女はともに赤ん坊を自分の子であると主張。
王様はどうやって本当の母親を見分ければいいでしょうか。
つぎの方法がうまくいくことを確認してみましょう。 2人の女をカナとベッキーとします。 方法 1. まず王様はカナに尋ねる。「お前の子か?」。カナが「いいえ」と言った場合、赤ん坊はベッキーのところへ行く。ゲームは終了する。カナが「はい」と言った場合、2へ進む。 2. 王様はベッキーに尋ねる。「カナの子だと認めるか?」。ベッキーが「はい」と言った場合、赤ん坊はカナのところへ行く。ゲームは終了する。ベッキーが「いいえ」と言った場合、3へ進む。 3. 王様はこう言う。「よしわかった。ベッキー、お前は赤ん坊にいくら払うかこの紙に書け。カナ、お前はFだけわたしに払え」。(Fは王様が設定する罰金または手数料)。ベッキーは入札額Bを記入し、カナはFを支払う。 王様はベッキーの入札額Bをカナに知らせる。そしてカナへこう提案する。「わたしにBだけ払えば赤ん坊はお前のものだ」。カナがこれを受け入れた場合、王様はBと交換に赤ん坊をカナへ渡す。同時にベッキーは王様へ罰金Fを払う。
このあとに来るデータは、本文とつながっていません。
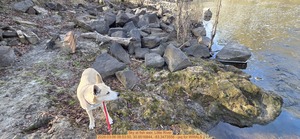 [Sky at fish weir, Little River, 2026:03:06 08:53:50, 30.8516844, -83.3473556 --jsq for WWALS]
カナがこれを拒否した場合、王様はBと交換に赤ん坊をベッキーへ渡す。 ゲームは下のツリーで表されます。 王様はあらかじめこういう方法(ルール)で赤ん坊の行き先を決めるとカナとベッキーに言っておきます。 CAはKANAの赤ん坊の評価額、CBはBECKYの赤ん坊の評価額です。 |
ではほんとうにこれでうまくいくのか確かめてみましょう。 まずはカナが本当の母親だった場合です。 |
偽の母親であるベッキーのところに注目してください。
ベッキーは「いいえ」を選ばないことがつぎのようにしてわかります。
ベッキーが赤ん坊をゲットできるのはカナがつぎに「いいえ」を選ぶときです。
しかしカナが「いいえ」を選ぶには CA-B-F<-F すなわち
CA<B でなければいけません。
これはベッキーがカナの評価額を上回る額を入札しなければいけないことを意味しています。
ところがいま CA>CB と考えるのは自然です
(本当の母親の評価額のほうが偽の母親の評価額より大きい)。
なのでBはCBより大きくなければいけないことになります。
ベッキーは自分の評価額を上回る額を入札して何かいいことがあるでしょうか。
ないです。
カナにこうして「いいえ」を選ばせたところでベッキーの利得はマイナスになります。
だったら入札しないほうがいいです。
こうしてベッキーは入札しないことがわかります。
ベッキーは「いいえ」を選びません。
ベッキーは赤ん坊がカナの子だと認めます。 これは緑色の線で示されています。 一歩前に戻ってカナの判断を考えます。 カナはCAと0を比較します。 明らかに CA>0 です。 カナは赤ん坊が自分の子であると主張します。 これも緑色の線で示されています。 けっきょくゲームは「はい」→「はい」の経路をたどります。 赤ん坊はめでたくカナのところへ行きます。